The goal of modern day math classrooms is to equip students to solve everyday math problems.
There are lots of approaches to developing problem solving skills. But without a foundation of numeracy, students won’t be able to reach their full problem-solving potential. Good problem solving is dependent on students’ possessing core numeracy skills.
In a way, numerical fluency is like reading fluency. Both are the building blocks of success in reading or mathematics. Reading Fluency – being able to decode words – impacts reading comprehension. Many language arts teachers have observed that students with poor phonetic decoding and sight word recognition skills read so slowly that many times they are unable to understand the very sentence they just read.
Poor numerical fluency has the same negative effect in mathematics. When a child’s numerical ability is lacking, they struggle to solve multi-part math problems. Numerical fluency is the ability to work fluidly with numbers in a variety of mathematical situations. Kids competent with numeracy possess the ability to hold a multi-part problem in their working memory, use their math skills to resolve each part and solve the problem as a whole.

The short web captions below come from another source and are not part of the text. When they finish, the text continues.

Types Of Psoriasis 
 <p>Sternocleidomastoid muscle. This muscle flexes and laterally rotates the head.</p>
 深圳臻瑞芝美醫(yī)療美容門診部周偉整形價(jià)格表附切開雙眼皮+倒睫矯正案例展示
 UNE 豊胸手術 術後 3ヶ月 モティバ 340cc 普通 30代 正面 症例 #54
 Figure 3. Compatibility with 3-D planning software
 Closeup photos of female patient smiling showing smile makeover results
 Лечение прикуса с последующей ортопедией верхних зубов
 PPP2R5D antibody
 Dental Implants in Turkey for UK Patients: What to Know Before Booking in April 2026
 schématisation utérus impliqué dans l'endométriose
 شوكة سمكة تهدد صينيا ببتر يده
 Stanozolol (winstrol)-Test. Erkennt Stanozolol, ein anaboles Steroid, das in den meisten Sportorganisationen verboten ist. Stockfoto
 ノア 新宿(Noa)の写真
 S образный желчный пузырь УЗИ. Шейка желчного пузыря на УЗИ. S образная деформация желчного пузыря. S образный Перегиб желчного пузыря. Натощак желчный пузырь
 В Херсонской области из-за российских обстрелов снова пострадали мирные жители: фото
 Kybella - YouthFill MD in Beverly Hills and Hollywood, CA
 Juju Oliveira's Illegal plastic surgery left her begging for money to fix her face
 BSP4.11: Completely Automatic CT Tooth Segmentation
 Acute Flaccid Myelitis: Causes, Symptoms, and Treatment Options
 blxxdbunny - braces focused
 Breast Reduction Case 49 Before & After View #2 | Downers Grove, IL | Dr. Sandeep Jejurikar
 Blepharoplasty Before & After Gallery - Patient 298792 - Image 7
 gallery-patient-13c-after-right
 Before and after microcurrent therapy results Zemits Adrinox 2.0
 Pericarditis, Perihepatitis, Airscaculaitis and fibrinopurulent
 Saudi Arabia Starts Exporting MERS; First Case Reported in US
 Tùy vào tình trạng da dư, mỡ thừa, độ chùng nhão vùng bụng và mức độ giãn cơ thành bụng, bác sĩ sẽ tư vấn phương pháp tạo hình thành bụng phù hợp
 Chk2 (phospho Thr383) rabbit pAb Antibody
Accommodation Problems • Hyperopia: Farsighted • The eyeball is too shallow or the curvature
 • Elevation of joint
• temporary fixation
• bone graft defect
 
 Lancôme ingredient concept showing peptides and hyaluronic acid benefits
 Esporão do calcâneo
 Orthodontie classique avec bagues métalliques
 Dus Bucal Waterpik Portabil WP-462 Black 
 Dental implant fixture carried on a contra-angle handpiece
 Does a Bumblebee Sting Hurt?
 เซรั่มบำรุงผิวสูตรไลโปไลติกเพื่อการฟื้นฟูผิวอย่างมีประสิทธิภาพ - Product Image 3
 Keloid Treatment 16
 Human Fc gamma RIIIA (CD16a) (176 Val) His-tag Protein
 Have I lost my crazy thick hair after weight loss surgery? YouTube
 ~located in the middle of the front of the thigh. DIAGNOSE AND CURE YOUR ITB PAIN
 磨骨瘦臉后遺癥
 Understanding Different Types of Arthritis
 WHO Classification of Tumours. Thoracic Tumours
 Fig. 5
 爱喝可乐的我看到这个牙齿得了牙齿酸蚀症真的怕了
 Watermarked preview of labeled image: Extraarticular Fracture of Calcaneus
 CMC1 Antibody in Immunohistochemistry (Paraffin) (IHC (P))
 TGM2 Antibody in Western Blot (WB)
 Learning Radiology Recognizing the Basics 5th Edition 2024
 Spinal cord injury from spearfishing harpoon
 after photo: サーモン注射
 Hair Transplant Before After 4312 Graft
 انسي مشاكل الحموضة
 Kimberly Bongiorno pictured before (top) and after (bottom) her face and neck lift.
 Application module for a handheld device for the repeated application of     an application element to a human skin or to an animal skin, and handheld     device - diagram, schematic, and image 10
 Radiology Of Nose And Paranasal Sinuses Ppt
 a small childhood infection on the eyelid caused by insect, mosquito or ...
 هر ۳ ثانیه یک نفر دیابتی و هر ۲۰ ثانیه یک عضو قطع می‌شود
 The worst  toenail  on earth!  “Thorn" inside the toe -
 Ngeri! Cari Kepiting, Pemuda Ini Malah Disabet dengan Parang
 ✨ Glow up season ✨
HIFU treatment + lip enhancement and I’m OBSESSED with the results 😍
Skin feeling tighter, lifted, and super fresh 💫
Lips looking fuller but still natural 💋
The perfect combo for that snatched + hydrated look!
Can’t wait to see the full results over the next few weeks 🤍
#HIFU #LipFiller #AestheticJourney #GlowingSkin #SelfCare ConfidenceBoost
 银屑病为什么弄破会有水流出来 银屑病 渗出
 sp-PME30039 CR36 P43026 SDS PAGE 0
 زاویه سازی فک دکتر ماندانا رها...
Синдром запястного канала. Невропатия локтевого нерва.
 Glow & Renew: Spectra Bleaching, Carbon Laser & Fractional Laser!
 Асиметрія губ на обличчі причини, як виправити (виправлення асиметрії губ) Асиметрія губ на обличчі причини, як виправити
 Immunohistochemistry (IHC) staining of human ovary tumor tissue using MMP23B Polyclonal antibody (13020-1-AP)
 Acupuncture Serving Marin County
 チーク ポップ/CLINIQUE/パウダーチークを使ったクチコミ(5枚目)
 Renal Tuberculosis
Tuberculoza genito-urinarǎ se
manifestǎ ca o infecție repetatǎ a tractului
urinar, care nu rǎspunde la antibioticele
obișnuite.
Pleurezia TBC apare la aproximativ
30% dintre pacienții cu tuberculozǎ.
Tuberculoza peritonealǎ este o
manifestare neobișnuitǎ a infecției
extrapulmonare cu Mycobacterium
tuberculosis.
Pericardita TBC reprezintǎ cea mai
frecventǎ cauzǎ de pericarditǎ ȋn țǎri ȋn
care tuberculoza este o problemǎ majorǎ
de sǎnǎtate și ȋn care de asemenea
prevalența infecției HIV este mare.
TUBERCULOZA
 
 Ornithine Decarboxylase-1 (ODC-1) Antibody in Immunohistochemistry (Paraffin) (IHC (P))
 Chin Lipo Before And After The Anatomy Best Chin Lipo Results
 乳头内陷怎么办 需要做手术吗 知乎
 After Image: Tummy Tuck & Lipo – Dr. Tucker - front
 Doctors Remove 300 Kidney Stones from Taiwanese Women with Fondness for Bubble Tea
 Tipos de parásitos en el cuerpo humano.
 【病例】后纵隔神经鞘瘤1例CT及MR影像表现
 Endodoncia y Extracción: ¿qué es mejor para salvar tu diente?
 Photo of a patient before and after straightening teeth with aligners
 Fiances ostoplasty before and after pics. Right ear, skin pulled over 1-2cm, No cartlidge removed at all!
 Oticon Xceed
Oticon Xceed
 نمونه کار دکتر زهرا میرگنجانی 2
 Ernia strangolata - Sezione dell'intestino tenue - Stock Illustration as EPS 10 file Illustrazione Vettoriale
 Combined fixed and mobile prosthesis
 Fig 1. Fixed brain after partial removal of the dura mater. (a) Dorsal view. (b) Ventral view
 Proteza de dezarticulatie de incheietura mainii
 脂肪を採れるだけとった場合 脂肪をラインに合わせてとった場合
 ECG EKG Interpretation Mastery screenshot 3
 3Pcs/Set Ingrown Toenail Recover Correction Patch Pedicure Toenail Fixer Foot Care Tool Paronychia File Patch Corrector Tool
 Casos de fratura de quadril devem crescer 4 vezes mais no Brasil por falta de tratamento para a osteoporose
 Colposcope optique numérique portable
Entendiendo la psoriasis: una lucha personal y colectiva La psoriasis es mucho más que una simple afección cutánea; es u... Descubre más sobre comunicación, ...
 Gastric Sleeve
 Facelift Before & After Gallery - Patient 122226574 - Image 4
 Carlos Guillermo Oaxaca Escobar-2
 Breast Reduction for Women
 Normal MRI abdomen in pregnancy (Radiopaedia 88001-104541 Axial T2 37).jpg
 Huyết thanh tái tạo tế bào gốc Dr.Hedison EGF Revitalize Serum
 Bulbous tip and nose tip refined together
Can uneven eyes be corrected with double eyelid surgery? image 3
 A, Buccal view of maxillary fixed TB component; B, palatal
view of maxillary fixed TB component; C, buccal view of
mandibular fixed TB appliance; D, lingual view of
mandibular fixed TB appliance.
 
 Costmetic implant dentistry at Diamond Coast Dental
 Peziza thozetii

Numerate students are capable of solving multi-step math problems – and importantly – evaluating the reasonableness of the solution.
For example:
Dustin saves pictures in a 4 page photo album. He has a total of 102 pictures
in the album. There are 28 pictures on the first page and there are 23 pictures
on each of the last two pages. How many pictures are on the second page of
Dustin’s photo album?
The numeracy math skills needed to solve this problem are the following:
The ability to double (or multiply by 2): 23 x 2 = 46 pictures
Summing two two-digit numbers with carrying: 46 + 28 = 74 pictures on three pages
Subtracting with regrouping: 102 – 74 = 28 pictures on 4th page
Evaluating the reasonableness of the solution (adding all the pictures together on all four pages to verify a sum of 102 pictures)
If your students struggle with one of these math skills, they will be incapable – or extremely slow – to solve the problem as a whole. Most standardized tests are timed these days – so speed matters.
So what’s a school to do? Be sure to put a portion of the core math lesson each day reinforcing fundamental numeracy skills. Implementation should begin in the primary grades so students may draw upon rudimentary skills to solve the word problems they tackle in the intermediate grades.
A little investment in numeracy goes along way. Five to ten minutes of a structure makes a tremendous difference in students' mathematical abilities.